▶ **WHAT THE TASK REQUIRES**:
Give back each line of the data exactly as it reads, minus the pictures.

[Records contained in a dataset]
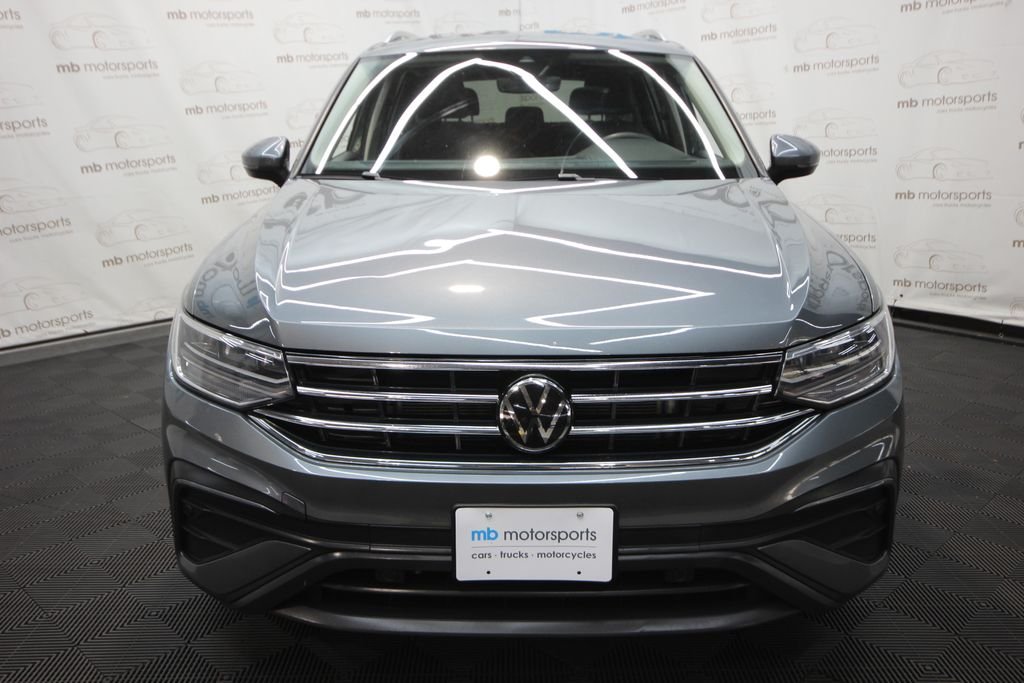 Used 2024 Gray Volkswagen 2.0T SE image 12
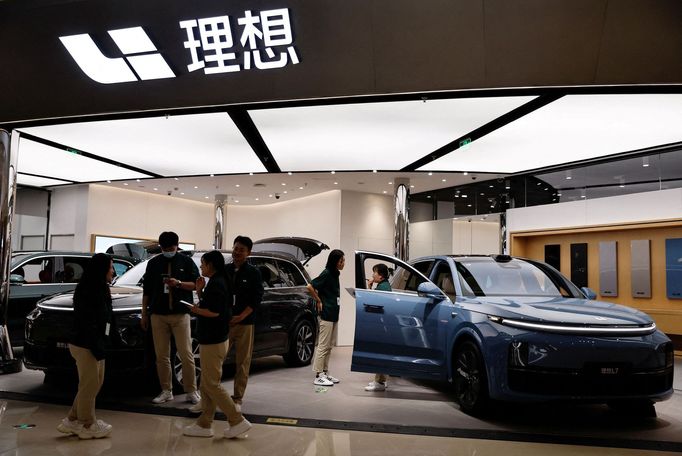 FILE PHOTO: Staff members stand at the booth of Chinese electric vehicle (EV) maker Li Auto, at a shopping mall in Beijing, China November 3, 2023. REUTERS/Tingshu Wang/F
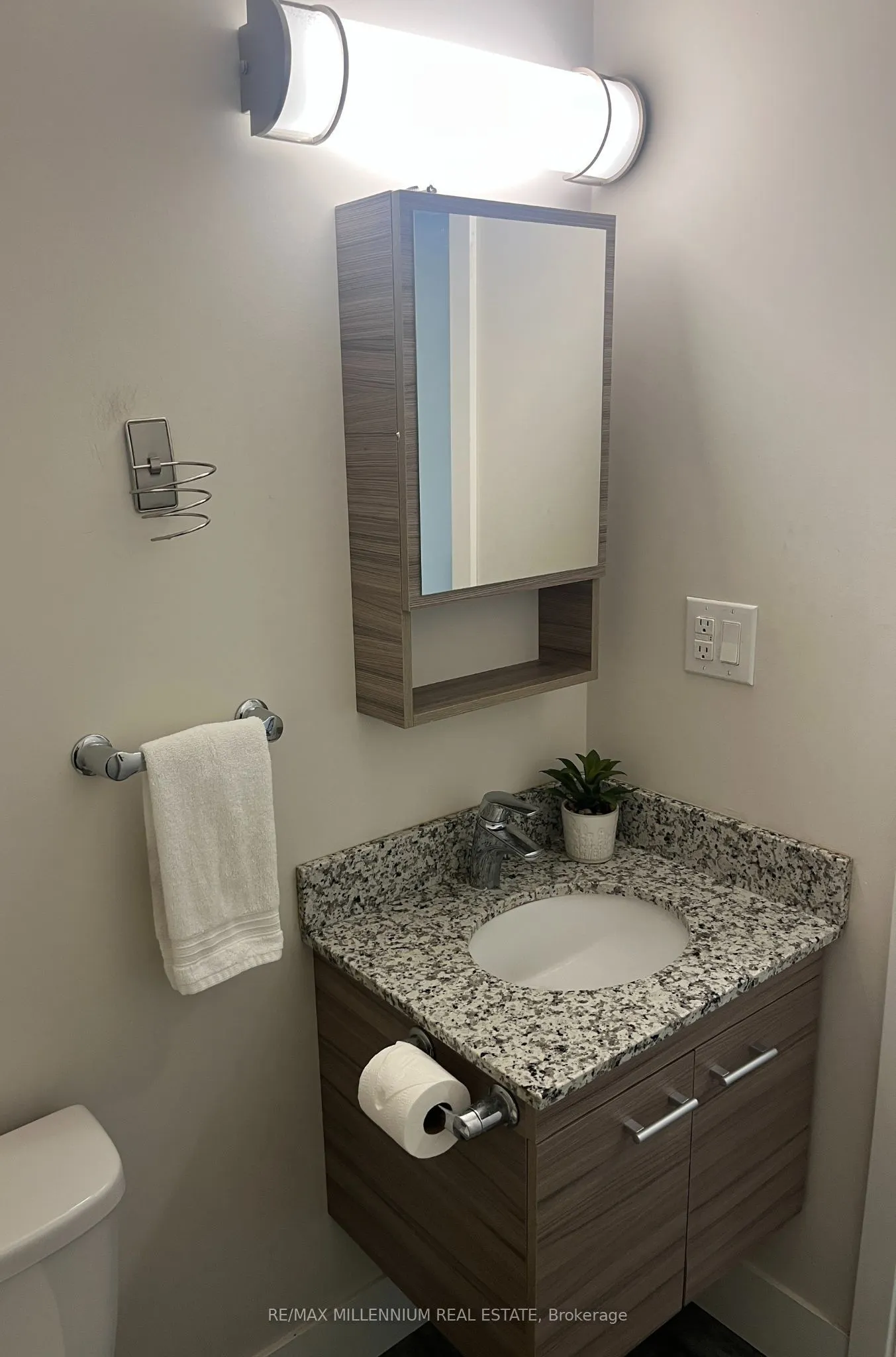 253 Albert Street, #202
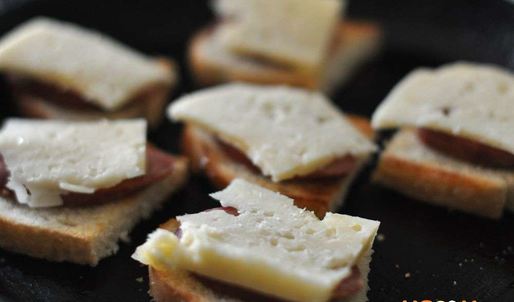 горячие бутерброды с колбасой и сыром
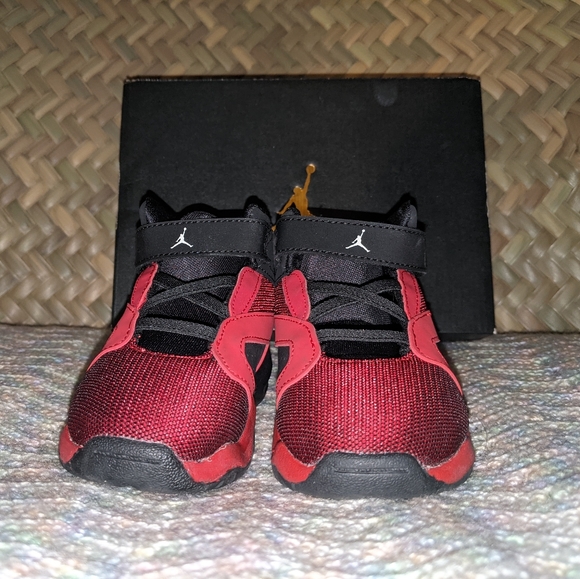 Jordan Lift Off [TD] [Black/Red] - Picture 3 of 7
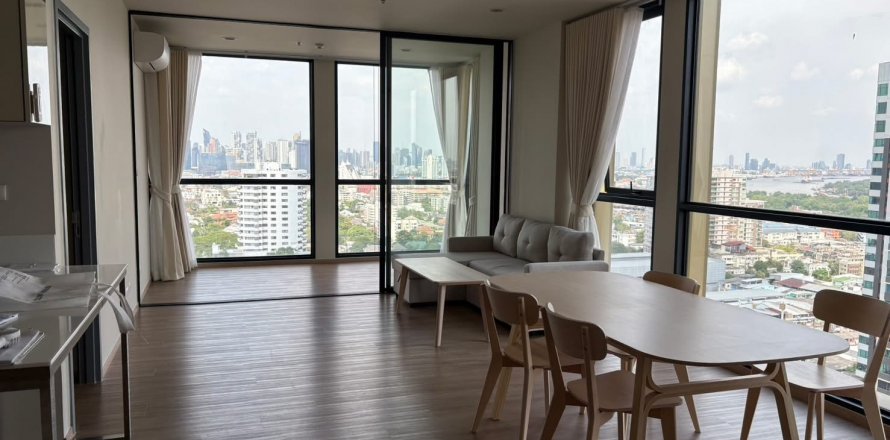 Condominio de 3 dormitorios en Sathon, Bangkok, Tailandia № 132243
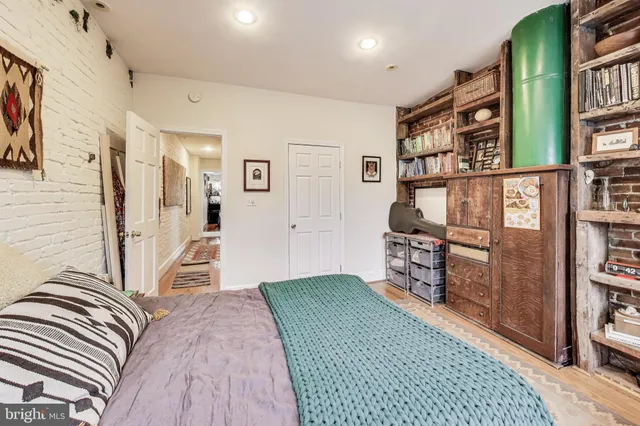 $1,035,000 | 407 A Street Northeast, Washington, DC 20002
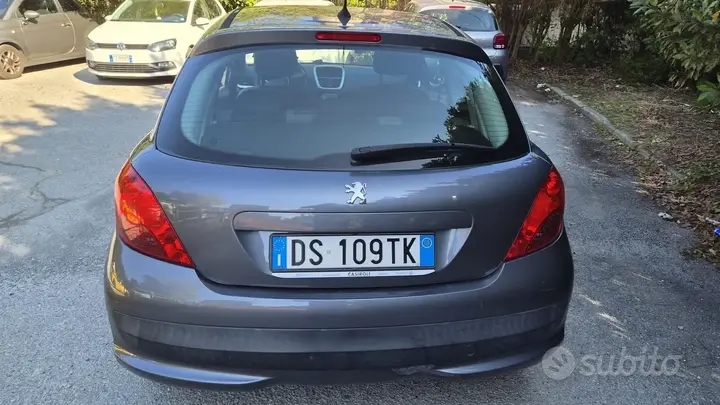 Peugeot 207 2008 photo 4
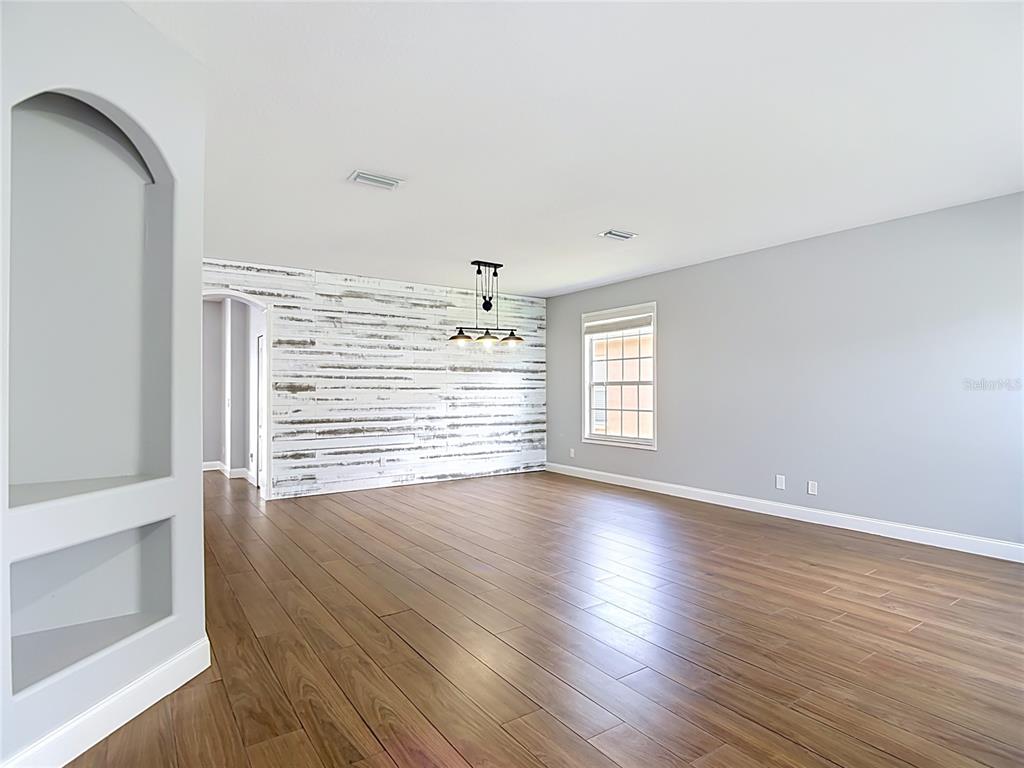 18316 CYPRESS HAVEN DRIVE, TAMPA, FL — photo 5 of 30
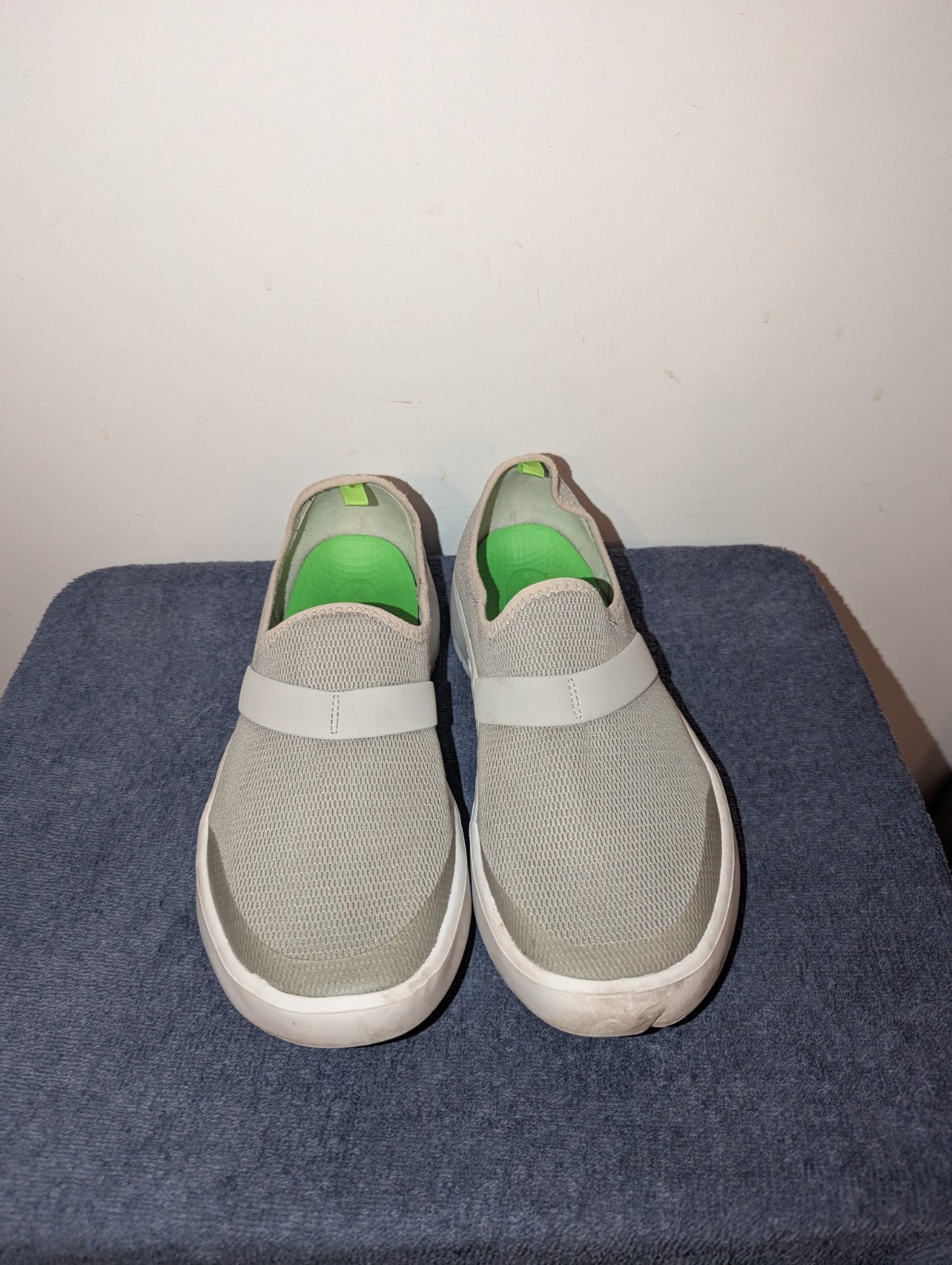 Oofos OOmg eeZee Recovery Low Slip On Shoes Womens Size 8 Gray Comfort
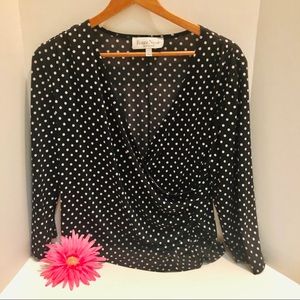 RONNIE NICOLE-3/4 sleeve faux wrap around.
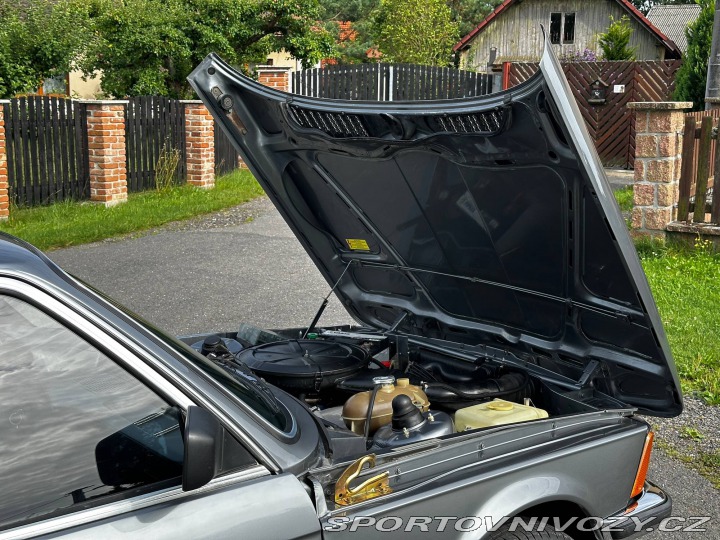 BMW 2 E21 320/6 1981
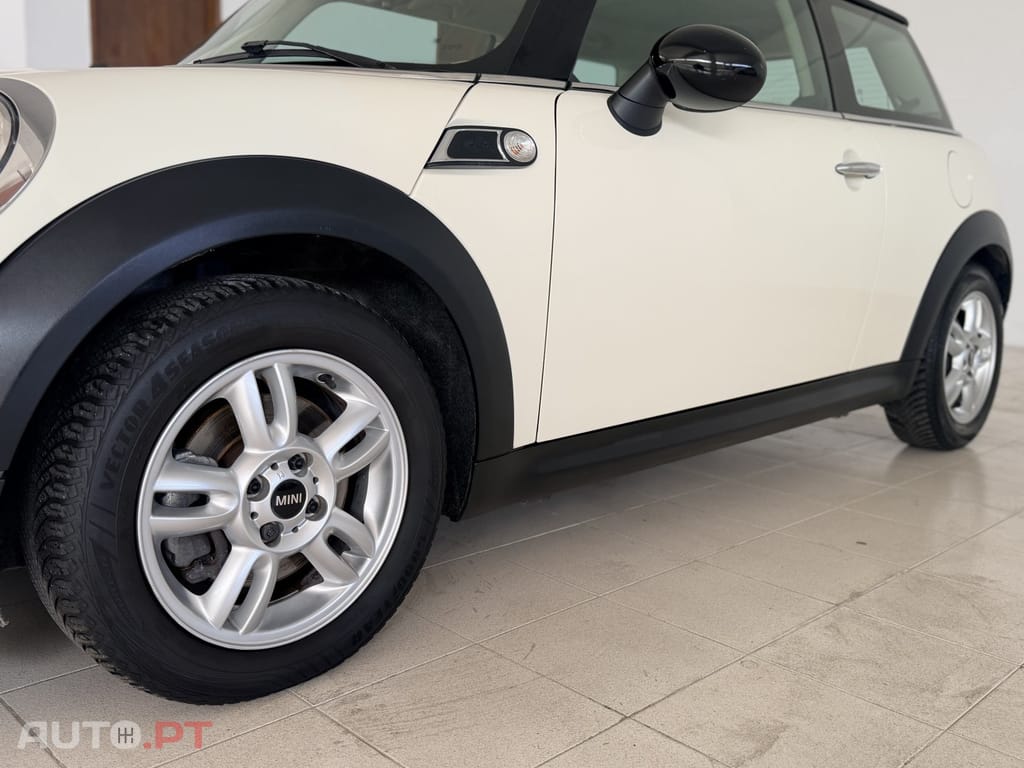 MINI Cooper One 1.6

▶ **RESULT OF THIS TASK**:
 Used 2024 Gray Volkswagen 2.0T SE image 12
 FILE PHOTO: Staff members stand at the booth of Chinese electric vehicle (EV) maker Li Auto, at a shopping mall in Beijing, China November 3, 2023. REUTERS/Tingshu Wang/F
 253 Albert Street, #202
 горячие бутерброды с колбасой и сыром
 Jordan Lift Off [TD] [Black/Red] - Picture 3 of 7
 Condominio de 3 dormitorios en Sathon, Bangkok, Tailandia № 132243
 $1,035,000 | 407 A Street Northeast, Washington, DC 20002
 Peugeot 207 2008 photo 4
 18316 CYPRESS HAVEN DRIVE, TAMPA, FL — photo 5 of 30
 Oofos OOmg eeZee Recovery Low Slip On Shoes Womens Size 8 Gray Comfort
 RONNIE NICOLE-3/4 sleeve faux wrap around.
 BMW 2 E21 320/6 1981
 MINI Cooper One 1.6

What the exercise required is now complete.